#### DATASET ####

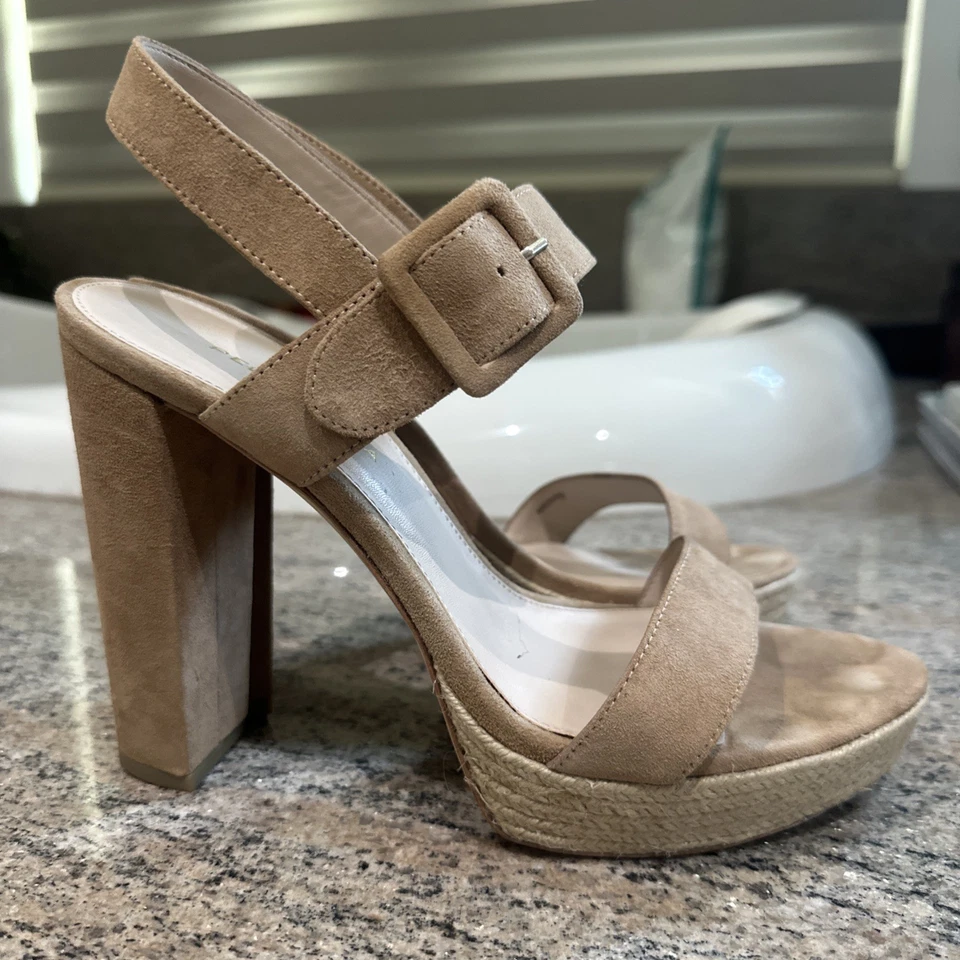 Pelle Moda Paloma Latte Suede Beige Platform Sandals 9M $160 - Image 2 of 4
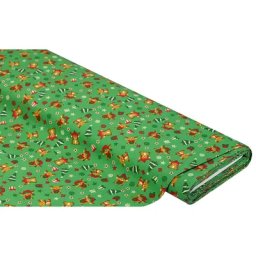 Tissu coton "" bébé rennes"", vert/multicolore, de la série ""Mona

####
#### DATASET ####

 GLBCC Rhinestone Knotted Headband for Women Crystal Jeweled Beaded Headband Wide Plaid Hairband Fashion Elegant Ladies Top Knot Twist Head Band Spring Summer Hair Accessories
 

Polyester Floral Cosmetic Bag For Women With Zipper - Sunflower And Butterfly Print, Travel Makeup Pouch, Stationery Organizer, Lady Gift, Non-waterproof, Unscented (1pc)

####
#### DATASET ####

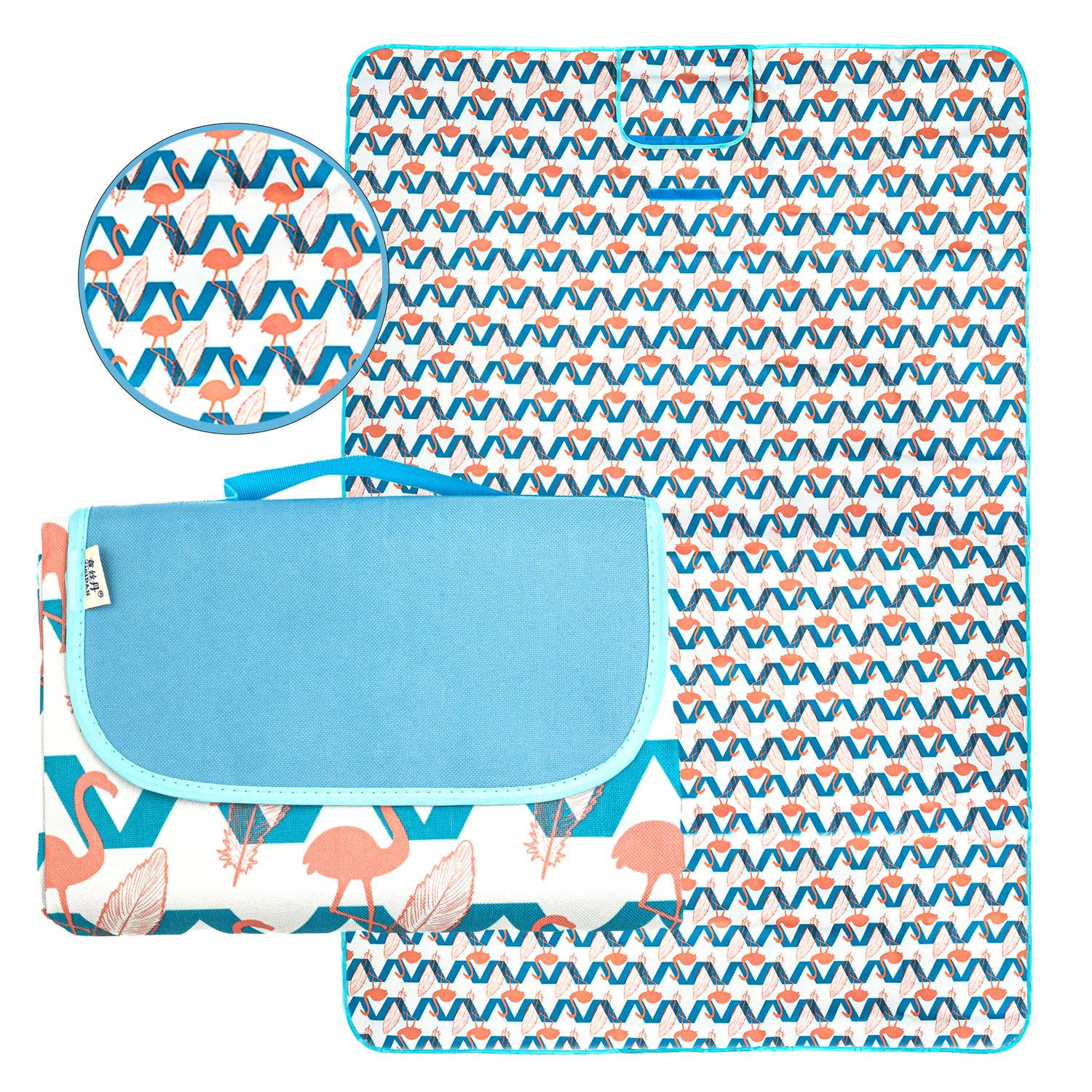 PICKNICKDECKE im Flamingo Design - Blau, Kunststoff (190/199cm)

####

◆ WHAT TO PRODUCE: Wherever the string "Women" turns up in the material, copy the whole line.

◆ EXERCISE SOLUTION:
 GLBCC Rhinestone Knotted Headband for Women Crystal Jeweled Beaded Headband Wide Plaid Hairband Fashion Elegant Ladies Top Knot Twist Head Band Spring Summer Hair Accessories
Polyester Floral Cosmetic Bag For Women With Zipper - Sunflower And Butterfly Print, Travel Makeup Pouch, Stationery Organizer, Lady Gift, Non-waterproof, Unscented (1pc)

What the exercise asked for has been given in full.